What is shown is fairly typical with Krag cartridges loaded in the teens and up through the 1920’s. (The WW1 contract rounds and most of the Sub-caliber rounds). These are loaded with the powders of the day, the early IMR’s and so forth, and I think this is where the problem arises. These powders in many cases were not made properly and, as has been stated, break down with time. However, Krag cartridges made in the 1890’s up through 1909 seem to exibit no problems like this, even though many have the typical cracked neck…These were loaded with many powders, including DuPont, Peyton, W-A 30 Cal, Laflin & Rand and others…



Doc AV,

Good info and thank you for sharing.


Do you as a rule pull and dump the Krags from the problem years without signs of breakdown or do you wait until it’s obviously needed?
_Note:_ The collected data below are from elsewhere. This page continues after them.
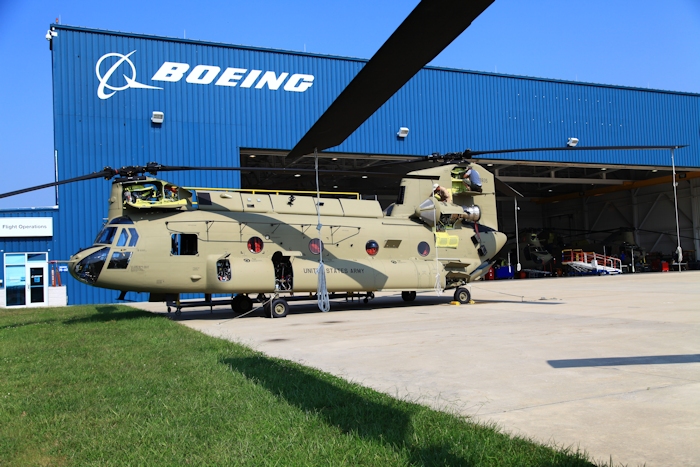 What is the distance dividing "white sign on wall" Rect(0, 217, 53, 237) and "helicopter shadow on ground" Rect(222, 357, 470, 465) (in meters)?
19.0

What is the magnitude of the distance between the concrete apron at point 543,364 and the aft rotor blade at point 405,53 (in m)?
2.76

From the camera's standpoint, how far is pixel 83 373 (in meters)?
6.75

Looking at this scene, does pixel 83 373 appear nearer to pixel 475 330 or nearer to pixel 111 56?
pixel 475 330

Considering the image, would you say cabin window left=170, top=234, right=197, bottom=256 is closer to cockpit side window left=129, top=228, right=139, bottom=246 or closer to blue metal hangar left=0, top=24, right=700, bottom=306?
cockpit side window left=129, top=228, right=139, bottom=246

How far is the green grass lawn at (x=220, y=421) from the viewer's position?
3662 millimetres

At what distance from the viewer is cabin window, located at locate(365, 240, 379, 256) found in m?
16.1

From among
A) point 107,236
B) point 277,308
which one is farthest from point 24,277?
point 277,308

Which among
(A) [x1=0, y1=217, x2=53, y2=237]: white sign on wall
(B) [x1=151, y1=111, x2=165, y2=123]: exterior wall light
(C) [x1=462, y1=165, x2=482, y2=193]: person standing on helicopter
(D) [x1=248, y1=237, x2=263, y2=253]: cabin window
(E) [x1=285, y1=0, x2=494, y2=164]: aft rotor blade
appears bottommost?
(D) [x1=248, y1=237, x2=263, y2=253]: cabin window

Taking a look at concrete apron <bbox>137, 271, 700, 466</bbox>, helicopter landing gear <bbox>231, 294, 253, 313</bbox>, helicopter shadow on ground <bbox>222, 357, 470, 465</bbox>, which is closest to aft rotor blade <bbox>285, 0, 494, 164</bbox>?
helicopter shadow on ground <bbox>222, 357, 470, 465</bbox>

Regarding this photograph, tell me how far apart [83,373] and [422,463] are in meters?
5.06

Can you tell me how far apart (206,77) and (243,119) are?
2.40 meters

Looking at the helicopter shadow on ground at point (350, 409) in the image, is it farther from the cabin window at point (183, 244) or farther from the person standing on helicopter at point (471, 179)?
the person standing on helicopter at point (471, 179)

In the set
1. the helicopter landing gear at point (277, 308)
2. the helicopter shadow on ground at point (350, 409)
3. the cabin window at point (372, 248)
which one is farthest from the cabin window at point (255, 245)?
the helicopter shadow on ground at point (350, 409)

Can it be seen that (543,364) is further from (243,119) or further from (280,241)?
(243,119) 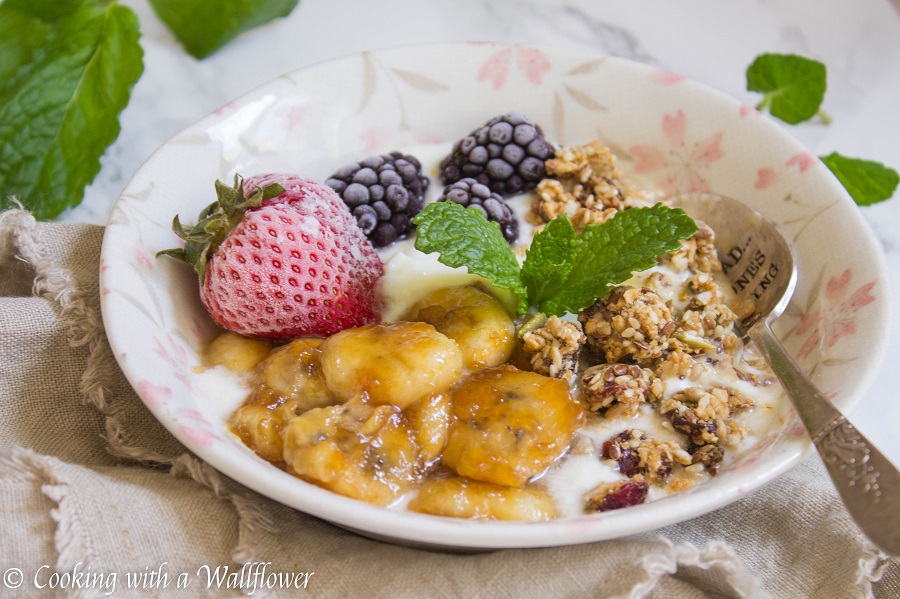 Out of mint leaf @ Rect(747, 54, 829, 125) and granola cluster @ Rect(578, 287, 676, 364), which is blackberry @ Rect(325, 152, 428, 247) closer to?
granola cluster @ Rect(578, 287, 676, 364)

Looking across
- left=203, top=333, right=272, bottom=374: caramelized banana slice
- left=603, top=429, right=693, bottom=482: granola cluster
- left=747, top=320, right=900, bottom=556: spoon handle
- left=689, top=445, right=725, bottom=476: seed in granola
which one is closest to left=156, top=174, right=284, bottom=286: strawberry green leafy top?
left=203, top=333, right=272, bottom=374: caramelized banana slice

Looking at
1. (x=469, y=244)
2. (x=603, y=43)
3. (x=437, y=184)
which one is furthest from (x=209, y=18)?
(x=469, y=244)

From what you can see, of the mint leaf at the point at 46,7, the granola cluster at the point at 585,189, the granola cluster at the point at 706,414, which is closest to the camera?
the granola cluster at the point at 706,414

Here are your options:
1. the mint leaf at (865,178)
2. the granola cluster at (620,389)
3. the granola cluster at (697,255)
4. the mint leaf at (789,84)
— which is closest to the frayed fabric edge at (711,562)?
the granola cluster at (620,389)

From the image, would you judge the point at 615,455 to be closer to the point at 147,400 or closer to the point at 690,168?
the point at 147,400

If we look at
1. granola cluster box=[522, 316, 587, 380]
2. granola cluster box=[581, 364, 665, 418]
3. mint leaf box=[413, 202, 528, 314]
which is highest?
mint leaf box=[413, 202, 528, 314]

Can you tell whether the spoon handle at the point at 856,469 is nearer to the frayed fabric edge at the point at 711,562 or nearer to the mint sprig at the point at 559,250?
the frayed fabric edge at the point at 711,562

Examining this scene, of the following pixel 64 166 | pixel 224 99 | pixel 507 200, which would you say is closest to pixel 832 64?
pixel 507 200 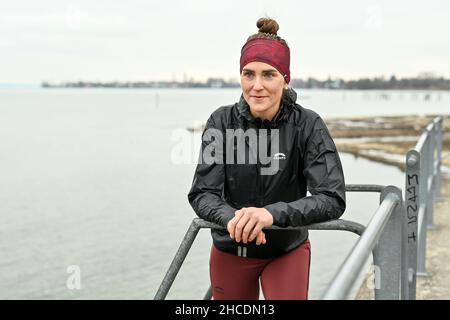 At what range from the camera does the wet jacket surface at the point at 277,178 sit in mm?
2396

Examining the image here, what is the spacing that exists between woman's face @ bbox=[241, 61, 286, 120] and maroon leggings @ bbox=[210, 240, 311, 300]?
0.61 m

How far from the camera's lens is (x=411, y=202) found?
3.72m

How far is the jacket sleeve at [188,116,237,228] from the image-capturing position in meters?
2.41

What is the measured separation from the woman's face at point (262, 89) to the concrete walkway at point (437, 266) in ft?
12.0

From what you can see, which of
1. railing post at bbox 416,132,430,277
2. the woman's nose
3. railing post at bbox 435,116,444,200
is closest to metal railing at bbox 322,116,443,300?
the woman's nose

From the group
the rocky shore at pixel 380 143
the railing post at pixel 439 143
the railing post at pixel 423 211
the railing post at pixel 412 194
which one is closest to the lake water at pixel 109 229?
the rocky shore at pixel 380 143

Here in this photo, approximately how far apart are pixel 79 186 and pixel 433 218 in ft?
76.6

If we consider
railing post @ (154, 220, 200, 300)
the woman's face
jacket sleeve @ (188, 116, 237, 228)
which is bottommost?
railing post @ (154, 220, 200, 300)

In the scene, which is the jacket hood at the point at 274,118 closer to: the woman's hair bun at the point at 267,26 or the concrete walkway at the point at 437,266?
the woman's hair bun at the point at 267,26

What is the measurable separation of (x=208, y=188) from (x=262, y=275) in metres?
0.47

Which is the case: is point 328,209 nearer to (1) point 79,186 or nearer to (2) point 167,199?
(2) point 167,199

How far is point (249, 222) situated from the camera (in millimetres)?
2238

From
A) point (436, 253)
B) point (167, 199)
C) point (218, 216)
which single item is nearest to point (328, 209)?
point (218, 216)

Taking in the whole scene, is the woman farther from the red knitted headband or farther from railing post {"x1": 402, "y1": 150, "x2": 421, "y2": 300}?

Has anyone compiled a checklist of the collectibles that tend to “go green” and need extra attention?



Are there differences in the primers used in the “likely to go bad” Krag years compared to the “relatively stable” period?


John: The earliest Krag cartridges were loaded with mercuric-type primers I think, but the H48 potassium chlorate-based primer came in about the time of the Spanish American War. It was, in turn replaced in 1917 (maybe) by the FA70, also a chlorate type, which was used until corrosive priming was dropped after WW2. I agree with Randy that the older Krag cartridges seem to be holding up better than the later ones, but I think the problem lies more in the propellants used post-1910 than in the primers. I once had a small collection of powder samples from military rifle cartridges I kept in glass cigar containers (each container being cigar-shaped and sealed with a plastic stopper) and after a couple of decades noticed that the only sample which went bad–producing a dark red stain on the glass–was an IMR-type propellant from some WW.2 vintage .30-06 cartridge. This wont make the cut for a scientific test but it did catch my eye. Jack


Before the H48 primer, which came along about 1900?..There was the G36…I have no idea of the mixture used without further research. I stated earlier, and Jack re-iterated, that the problem seems to rest with the powder, not the primers.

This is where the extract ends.